#### [TASK OBJECTIVE]
Print nothing but the lines below starting at the line that holds "Arena - Team" and ending at the line that holds "hitting new baseli", including both, each exactly as written.

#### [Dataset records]
☆ ☆ ☆ ☆
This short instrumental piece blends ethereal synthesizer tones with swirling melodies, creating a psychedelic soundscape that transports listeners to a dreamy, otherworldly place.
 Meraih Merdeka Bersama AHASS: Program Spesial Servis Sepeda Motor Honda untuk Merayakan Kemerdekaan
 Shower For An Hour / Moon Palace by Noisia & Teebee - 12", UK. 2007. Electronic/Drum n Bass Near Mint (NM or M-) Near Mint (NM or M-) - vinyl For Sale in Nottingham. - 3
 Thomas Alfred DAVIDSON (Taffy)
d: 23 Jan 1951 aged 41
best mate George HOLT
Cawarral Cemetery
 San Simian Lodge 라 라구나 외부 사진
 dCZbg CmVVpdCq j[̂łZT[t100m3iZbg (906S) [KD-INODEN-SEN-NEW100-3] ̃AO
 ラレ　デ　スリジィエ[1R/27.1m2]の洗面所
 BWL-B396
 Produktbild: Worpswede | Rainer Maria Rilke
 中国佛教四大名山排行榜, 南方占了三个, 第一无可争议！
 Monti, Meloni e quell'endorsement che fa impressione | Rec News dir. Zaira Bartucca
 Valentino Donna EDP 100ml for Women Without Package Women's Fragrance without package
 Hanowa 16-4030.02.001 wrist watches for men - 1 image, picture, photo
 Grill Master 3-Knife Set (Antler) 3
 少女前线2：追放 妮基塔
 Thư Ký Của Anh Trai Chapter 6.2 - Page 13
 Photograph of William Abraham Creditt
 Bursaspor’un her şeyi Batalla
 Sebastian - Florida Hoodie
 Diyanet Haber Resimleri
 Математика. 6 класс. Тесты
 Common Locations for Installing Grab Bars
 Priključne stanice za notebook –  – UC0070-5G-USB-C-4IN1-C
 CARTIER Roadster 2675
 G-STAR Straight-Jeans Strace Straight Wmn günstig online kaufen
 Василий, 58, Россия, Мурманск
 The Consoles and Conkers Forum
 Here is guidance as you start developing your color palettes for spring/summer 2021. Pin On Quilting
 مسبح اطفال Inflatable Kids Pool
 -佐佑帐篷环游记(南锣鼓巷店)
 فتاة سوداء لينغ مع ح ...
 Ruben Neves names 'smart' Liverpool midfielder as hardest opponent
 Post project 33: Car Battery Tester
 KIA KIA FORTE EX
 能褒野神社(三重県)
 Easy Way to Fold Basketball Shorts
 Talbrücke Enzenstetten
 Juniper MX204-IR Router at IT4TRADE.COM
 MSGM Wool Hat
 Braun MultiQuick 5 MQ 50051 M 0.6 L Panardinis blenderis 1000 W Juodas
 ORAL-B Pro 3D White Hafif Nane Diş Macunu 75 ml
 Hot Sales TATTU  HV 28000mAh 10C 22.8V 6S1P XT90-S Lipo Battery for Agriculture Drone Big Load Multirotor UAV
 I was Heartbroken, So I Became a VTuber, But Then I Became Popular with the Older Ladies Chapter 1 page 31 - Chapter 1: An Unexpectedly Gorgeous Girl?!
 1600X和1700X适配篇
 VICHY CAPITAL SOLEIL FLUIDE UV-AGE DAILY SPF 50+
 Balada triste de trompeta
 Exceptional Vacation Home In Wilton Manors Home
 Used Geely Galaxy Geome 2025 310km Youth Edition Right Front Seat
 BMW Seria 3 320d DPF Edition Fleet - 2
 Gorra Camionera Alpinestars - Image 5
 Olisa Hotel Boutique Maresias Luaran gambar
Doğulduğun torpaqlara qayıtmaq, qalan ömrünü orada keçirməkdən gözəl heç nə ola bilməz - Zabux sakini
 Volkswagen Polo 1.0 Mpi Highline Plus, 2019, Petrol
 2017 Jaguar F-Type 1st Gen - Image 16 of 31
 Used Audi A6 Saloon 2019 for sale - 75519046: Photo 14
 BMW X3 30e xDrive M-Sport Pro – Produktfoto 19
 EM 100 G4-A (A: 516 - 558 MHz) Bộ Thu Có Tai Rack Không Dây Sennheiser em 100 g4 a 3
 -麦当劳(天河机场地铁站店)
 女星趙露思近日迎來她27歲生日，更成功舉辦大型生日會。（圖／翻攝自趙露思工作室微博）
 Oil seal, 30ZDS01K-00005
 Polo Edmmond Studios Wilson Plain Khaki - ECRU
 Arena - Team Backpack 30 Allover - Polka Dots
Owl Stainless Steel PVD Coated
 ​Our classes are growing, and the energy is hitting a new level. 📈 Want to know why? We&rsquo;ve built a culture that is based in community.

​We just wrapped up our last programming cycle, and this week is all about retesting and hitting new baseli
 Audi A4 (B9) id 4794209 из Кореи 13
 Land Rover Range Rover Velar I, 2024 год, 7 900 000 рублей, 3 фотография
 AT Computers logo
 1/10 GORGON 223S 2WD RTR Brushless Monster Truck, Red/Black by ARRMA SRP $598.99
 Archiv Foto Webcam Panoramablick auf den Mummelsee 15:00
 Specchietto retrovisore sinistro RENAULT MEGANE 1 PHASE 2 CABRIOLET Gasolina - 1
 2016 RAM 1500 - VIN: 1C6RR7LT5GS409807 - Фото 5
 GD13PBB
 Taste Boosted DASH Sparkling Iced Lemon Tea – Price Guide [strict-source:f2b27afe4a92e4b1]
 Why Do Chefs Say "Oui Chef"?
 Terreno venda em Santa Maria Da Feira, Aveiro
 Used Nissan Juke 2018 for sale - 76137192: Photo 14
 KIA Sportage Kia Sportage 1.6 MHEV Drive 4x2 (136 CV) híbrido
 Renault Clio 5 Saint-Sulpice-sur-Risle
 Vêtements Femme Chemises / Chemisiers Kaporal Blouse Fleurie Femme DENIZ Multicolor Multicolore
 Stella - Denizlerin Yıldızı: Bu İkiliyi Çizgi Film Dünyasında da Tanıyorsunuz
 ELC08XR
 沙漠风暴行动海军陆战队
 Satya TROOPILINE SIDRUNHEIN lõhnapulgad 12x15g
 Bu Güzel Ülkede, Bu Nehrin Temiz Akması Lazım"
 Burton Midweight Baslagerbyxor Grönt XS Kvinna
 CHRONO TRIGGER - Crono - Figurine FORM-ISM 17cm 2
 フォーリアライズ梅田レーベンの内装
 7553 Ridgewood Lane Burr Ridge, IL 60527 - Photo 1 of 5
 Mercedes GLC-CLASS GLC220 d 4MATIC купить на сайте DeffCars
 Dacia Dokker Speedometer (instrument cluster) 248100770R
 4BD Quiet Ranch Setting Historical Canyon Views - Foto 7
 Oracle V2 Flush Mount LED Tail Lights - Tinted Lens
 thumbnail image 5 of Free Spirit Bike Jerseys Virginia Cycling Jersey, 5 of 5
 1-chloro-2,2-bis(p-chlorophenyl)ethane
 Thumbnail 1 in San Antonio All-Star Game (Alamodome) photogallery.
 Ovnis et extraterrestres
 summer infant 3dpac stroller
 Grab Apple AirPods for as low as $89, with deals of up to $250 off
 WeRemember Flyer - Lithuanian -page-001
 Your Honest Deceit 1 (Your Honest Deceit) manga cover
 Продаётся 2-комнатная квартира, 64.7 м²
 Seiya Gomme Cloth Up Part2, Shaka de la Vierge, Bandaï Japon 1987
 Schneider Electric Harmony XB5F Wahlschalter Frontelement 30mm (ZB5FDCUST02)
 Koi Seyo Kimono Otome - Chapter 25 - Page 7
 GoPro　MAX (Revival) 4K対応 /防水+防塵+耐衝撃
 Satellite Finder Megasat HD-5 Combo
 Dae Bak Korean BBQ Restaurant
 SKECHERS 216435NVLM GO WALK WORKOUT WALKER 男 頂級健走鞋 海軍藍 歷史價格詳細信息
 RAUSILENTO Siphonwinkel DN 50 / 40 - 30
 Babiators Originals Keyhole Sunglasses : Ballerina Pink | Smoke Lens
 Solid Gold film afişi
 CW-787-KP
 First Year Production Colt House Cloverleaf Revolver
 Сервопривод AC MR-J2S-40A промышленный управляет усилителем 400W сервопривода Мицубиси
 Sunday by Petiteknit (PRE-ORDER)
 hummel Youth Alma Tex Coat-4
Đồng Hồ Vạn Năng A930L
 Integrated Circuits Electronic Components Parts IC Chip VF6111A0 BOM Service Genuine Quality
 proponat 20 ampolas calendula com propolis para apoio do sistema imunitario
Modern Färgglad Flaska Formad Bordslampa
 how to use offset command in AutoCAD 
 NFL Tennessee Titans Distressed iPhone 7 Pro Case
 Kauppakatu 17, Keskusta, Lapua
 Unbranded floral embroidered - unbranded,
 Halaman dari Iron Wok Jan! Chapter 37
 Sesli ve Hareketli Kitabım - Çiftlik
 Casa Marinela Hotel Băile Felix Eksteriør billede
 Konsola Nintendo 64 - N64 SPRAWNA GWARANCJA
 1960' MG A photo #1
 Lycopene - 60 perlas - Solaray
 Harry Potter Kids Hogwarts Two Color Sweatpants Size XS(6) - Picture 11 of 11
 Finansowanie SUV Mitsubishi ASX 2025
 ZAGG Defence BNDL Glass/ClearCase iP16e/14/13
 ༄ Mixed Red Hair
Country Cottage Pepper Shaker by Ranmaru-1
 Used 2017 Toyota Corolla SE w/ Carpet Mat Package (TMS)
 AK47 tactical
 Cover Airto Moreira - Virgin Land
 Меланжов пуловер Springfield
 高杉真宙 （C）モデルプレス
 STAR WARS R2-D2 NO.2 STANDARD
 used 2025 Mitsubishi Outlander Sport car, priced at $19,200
☆ ☆ ☆ ☆
#### [EXERCISE RESPONSE]
 Arena - Team Backpack 30 Allover - Polka Dots
Owl Stainless Steel PVD Coated
 ​Our classes are growing, and the energy is hitting a new level. 📈 Want to know why? We&rsquo;ve built a culture that is based in community.

​We just wrapped up our last programming cycle, and this week is all about retesting and hitting new baseli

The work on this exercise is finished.